J’en ai marre de cet écran d’ordinateur. Pourtant, c’est ma seule porte de sortie, séquestrée comme je suis dans cet hôtel a 2 étoiles dont je ne peux m’échapper sans encourir les foudres divines des puissances, loin là-bas, aux Etats-Unis.


Pour la première fois depuis 3 mois, j’ai vraiment l’occasion de m’introspecter. Ca me déplaît profondément. Retourner au fond de moi, retrouver le contact avec le vide qui m’habite depuis que mon cœur a été fracasse comme une moule sur un rocher par le seul goéland en qui ma confiance était absolue.

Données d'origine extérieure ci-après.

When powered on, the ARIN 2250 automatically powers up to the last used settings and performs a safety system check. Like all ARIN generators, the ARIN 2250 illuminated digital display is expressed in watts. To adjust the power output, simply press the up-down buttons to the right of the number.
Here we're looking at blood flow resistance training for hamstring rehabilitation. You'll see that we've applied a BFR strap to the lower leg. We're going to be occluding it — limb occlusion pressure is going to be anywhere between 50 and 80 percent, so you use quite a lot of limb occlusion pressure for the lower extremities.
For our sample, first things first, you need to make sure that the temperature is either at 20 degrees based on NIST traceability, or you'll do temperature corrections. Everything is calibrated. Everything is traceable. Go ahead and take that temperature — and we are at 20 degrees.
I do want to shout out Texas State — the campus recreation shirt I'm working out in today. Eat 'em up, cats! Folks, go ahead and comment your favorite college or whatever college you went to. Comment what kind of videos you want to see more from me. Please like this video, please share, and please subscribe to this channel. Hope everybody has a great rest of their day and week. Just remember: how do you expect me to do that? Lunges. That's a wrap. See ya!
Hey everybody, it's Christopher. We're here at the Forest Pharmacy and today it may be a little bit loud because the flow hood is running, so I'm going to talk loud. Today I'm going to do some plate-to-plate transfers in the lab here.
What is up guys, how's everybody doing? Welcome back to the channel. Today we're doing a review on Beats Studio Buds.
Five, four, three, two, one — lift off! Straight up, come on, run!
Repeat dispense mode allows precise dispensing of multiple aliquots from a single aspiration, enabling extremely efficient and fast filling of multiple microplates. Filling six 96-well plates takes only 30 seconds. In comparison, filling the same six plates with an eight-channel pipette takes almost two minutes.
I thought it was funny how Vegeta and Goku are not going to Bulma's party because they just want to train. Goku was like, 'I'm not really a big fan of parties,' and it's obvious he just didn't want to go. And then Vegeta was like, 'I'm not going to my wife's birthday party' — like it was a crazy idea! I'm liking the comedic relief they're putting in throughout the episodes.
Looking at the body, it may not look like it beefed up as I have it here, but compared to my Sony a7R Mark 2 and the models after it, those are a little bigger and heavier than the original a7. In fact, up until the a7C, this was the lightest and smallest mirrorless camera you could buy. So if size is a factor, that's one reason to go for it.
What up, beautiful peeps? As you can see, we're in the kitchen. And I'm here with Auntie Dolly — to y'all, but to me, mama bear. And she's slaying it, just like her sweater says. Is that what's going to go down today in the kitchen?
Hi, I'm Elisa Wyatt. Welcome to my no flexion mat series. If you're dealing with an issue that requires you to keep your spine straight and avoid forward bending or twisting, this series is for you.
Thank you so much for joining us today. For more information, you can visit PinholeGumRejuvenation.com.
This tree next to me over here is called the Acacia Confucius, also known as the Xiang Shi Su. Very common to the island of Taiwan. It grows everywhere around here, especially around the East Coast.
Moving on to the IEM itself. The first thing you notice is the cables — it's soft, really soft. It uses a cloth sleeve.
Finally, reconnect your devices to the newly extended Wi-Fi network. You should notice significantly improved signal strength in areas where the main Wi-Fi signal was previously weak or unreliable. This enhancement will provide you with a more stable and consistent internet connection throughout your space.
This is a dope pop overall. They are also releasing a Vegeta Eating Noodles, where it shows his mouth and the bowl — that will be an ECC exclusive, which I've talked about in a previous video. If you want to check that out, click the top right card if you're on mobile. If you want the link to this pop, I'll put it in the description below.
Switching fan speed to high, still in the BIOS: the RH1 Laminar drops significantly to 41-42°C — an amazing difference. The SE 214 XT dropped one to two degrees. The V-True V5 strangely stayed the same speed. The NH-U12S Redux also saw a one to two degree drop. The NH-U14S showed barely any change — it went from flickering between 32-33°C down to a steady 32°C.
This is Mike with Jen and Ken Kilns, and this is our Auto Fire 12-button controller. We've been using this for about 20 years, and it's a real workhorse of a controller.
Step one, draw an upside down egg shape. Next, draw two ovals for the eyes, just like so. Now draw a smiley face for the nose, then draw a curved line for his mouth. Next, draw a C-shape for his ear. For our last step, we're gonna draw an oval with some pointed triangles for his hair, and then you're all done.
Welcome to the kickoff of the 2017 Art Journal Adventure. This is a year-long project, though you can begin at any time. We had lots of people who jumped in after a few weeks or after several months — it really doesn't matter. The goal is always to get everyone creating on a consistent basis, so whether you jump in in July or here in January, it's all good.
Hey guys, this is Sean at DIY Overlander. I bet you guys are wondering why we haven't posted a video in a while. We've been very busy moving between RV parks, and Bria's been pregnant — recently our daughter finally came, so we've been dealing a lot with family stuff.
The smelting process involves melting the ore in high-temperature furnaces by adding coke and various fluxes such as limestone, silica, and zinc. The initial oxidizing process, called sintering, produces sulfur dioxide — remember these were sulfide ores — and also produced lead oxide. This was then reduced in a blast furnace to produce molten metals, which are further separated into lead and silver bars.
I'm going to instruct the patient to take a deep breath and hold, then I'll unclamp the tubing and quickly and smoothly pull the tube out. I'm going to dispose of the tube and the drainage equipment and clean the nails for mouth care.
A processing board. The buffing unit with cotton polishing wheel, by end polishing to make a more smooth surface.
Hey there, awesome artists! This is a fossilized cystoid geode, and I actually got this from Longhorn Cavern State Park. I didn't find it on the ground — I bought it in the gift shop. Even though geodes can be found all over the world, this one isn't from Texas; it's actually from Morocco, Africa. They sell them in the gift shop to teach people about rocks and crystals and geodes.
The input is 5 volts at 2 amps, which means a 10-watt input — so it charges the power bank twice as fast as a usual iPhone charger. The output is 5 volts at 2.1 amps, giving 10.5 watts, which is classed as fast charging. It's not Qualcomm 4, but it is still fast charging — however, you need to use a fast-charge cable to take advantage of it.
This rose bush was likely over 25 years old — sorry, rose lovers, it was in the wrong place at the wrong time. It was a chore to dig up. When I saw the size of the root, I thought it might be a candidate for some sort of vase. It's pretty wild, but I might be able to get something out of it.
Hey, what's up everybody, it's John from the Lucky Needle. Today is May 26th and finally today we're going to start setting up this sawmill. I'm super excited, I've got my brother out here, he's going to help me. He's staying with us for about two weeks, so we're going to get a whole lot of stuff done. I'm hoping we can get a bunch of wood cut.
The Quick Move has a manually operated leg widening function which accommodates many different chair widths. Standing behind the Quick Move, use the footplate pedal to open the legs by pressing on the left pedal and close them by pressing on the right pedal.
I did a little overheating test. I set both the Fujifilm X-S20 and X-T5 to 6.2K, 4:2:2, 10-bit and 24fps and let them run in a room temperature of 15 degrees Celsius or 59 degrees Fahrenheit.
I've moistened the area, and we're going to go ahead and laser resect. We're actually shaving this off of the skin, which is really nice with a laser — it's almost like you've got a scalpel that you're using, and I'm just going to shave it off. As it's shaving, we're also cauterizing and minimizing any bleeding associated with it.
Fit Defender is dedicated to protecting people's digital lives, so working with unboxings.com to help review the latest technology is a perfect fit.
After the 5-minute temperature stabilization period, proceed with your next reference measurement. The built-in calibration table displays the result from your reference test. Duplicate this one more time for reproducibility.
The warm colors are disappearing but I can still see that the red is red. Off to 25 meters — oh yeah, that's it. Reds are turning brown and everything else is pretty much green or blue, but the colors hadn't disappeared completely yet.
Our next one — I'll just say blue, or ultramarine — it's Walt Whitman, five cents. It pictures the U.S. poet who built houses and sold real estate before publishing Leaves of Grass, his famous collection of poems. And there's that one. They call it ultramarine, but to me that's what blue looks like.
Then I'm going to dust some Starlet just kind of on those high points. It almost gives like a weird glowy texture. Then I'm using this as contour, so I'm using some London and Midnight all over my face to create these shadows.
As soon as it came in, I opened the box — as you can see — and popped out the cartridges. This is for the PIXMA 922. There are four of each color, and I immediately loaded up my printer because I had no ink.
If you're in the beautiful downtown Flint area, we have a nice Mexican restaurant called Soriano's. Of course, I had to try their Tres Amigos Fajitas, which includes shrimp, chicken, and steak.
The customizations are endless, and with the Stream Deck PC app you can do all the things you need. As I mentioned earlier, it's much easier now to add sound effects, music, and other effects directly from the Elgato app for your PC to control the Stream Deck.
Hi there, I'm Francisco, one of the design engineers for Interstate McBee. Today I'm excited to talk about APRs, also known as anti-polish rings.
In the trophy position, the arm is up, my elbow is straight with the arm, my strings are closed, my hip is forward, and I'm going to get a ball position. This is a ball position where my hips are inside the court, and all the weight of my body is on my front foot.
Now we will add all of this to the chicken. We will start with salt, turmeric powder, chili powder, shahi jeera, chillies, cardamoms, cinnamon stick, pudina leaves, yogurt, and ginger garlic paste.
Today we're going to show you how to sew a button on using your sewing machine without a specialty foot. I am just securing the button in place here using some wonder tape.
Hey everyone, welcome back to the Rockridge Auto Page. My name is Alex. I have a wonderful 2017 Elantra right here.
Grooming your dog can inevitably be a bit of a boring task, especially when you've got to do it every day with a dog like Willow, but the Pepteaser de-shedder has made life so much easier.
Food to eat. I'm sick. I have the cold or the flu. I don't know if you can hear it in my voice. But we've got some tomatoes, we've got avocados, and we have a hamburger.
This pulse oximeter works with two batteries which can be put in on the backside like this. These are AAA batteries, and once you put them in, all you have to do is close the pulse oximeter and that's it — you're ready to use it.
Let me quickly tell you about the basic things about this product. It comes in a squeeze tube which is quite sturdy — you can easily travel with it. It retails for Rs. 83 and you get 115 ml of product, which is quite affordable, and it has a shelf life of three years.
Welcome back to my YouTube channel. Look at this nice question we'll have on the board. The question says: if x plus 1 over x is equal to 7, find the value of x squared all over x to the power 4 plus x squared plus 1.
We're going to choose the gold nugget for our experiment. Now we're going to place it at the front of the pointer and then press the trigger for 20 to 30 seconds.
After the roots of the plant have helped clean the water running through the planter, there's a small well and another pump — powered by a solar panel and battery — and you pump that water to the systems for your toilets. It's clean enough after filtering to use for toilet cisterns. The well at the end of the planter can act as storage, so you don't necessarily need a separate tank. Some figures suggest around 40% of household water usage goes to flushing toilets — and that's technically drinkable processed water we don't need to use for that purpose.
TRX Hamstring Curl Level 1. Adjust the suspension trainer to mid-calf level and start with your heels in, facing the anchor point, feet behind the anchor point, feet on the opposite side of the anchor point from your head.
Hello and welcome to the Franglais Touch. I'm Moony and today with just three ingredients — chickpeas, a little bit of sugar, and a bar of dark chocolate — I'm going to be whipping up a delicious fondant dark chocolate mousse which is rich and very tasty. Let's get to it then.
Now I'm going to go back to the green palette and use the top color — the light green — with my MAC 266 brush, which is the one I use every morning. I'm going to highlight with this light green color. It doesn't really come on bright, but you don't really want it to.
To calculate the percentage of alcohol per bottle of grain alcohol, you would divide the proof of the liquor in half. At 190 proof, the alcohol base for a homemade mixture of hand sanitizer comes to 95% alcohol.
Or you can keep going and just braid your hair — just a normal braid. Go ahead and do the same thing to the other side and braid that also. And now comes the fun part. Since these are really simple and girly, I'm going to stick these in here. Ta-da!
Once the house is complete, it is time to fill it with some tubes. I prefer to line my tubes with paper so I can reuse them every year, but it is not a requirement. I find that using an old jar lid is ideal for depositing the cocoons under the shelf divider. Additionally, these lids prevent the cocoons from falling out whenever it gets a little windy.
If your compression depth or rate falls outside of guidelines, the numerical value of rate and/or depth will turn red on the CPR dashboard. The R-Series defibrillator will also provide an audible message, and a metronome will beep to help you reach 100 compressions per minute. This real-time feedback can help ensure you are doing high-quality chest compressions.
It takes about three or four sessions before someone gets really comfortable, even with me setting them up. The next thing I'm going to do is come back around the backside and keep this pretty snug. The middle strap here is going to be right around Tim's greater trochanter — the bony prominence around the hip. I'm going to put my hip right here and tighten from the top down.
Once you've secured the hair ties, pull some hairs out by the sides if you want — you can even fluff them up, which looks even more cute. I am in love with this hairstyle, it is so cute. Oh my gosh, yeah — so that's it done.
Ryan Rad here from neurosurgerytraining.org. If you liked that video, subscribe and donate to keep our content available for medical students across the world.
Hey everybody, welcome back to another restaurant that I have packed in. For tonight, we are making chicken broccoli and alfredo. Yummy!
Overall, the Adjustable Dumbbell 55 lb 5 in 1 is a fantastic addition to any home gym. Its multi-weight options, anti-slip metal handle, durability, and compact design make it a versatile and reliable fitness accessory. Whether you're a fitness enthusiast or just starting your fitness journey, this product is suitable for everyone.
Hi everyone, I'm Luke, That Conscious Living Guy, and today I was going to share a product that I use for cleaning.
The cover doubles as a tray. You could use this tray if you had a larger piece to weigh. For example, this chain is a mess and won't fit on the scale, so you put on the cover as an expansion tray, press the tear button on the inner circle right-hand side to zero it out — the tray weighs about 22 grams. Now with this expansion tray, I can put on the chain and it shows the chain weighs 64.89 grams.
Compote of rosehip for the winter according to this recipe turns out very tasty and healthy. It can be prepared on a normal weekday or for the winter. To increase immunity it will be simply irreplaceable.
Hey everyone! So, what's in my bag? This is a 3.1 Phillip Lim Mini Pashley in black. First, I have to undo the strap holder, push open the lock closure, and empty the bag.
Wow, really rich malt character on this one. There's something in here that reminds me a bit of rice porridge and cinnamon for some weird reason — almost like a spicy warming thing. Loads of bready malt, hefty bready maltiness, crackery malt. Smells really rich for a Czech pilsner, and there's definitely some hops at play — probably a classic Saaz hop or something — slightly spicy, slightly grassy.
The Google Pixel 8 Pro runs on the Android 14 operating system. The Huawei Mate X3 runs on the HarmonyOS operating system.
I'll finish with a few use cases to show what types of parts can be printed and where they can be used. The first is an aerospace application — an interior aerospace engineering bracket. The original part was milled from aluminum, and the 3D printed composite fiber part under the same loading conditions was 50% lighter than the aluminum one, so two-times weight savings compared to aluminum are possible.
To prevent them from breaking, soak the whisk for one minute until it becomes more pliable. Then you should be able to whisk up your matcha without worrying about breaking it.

Retrouver mes doutes, ma tristesse, mon absence de certitude. Replonger dans mon état névralgique, névrose de fille au cœur brise, a la carrière insatisfaite, a la solitude épidermique. Pas rigolo, tout ca.


J’imagine que c’est le moment pour moi de prendre le temps de mettre sur papier toutes ces questions qui m’assaillent et que j’ai tues ces derniers mois. J’imagine aussi qu’un bilan s’impose. Dans 2 semaines, je passe quelques jours à Montréal. L’occasion de revoir ma maman, mes amis. L’occasion de me confronter a ma ville natale, que j’identifie depuis 3 mois à l’amour de ma vie, celui qui m’a rejetée en prétextant que c’était pour le mieux. Cette ville dont chaque pierre, chaque rue porte le souvenir de lui, de nous.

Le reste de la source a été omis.